*** Opening of Dataset excerpts ***

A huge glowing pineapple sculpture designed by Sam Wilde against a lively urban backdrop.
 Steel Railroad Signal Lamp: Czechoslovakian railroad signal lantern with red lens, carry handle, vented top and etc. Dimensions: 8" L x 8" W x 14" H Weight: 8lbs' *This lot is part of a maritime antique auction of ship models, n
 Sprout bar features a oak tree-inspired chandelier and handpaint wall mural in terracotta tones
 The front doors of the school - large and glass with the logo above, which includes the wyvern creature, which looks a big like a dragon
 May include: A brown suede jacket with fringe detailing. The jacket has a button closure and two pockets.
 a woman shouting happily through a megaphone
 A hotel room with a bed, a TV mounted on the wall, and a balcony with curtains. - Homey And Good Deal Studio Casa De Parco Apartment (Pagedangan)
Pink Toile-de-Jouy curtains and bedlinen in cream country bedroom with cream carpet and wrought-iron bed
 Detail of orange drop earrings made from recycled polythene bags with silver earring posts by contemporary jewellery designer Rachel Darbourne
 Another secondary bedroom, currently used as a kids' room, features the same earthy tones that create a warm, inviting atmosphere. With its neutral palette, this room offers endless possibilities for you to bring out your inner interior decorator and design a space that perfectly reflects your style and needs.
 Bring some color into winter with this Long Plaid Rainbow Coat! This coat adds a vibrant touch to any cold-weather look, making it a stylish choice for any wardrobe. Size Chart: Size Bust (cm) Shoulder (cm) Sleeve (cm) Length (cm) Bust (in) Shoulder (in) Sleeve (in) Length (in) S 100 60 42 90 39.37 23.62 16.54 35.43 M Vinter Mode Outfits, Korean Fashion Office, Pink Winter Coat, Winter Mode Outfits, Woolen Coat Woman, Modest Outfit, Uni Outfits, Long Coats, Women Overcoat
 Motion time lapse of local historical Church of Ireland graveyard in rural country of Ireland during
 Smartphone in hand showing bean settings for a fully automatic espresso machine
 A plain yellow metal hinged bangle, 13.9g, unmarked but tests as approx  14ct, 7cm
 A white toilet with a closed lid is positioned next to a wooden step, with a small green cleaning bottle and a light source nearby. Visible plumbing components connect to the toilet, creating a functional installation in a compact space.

*** Close of Dataset excerpts ***

**Work to be completed**
Repeat the whole listing above without any change.

**Exercise solution**
A huge glowing pineapple sculpture designed by Sam Wilde against a lively urban backdrop.
 Steel Railroad Signal Lamp: Czechoslovakian railroad signal lantern with red lens, carry handle, vented top and etc. Dimensions: 8" L x 8" W x 14" H Weight: 8lbs' *This lot is part of a maritime antique auction of ship models, n
 Sprout bar features a oak tree-inspired chandelier and handpaint wall mural in terracotta tones
 The front doors of the school - large and glass with the logo above, which includes the wyvern creature, which looks a big like a dragon
 May include: A brown suede jacket with fringe detailing. The jacket has a button closure and two pockets.
 a woman shouting happily through a megaphone
 A hotel room with a bed, a TV mounted on the wall, and a balcony with curtains. - Homey And Good Deal Studio Casa De Parco Apartment (Pagedangan)
Pink Toile-de-Jouy curtains and bedlinen in cream country bedroom with cream carpet and wrought-iron bed
 Detail of orange drop earrings made from recycled polythene bags with silver earring posts by contemporary jewellery designer Rachel Darbourne
 Another secondary bedroom, currently used as a kids' room, features the same earthy tones that create a warm, inviting atmosphere. With its neutral palette, this room offers endless possibilities for you to bring out your inner interior decorator and design a space that perfectly reflects your style and needs.
 Bring some color into winter with this Long Plaid Rainbow Coat! This coat adds a vibrant touch to any cold-weather look, making it a stylish choice for any wardrobe. Size Chart: Size Bust (cm) Shoulder (cm) Sleeve (cm) Length (cm) Bust (in) Shoulder (in) Sleeve (in) Length (in) S 100 60 42 90 39.37 23.62 16.54 35.43 M Vinter Mode Outfits, Korean Fashion Office, Pink Winter Coat, Winter Mode Outfits, Woolen Coat Woman, Modest Outfit, Uni Outfits, Long Coats, Women Overcoat
 Motion time lapse of local historical Church of Ireland graveyard in rural country of Ireland during
 Smartphone in hand showing bean settings for a fully automatic espresso machine
 A plain yellow metal hinged bangle, 13.9g, unmarked but tests as approx  14ct, 7cm
 A white toilet with a closed lid is positioned next to a wooden step, with a small green cleaning bottle and a light source nearby. Visible plumbing components connect to the toilet, creating a functional installation in a compact space.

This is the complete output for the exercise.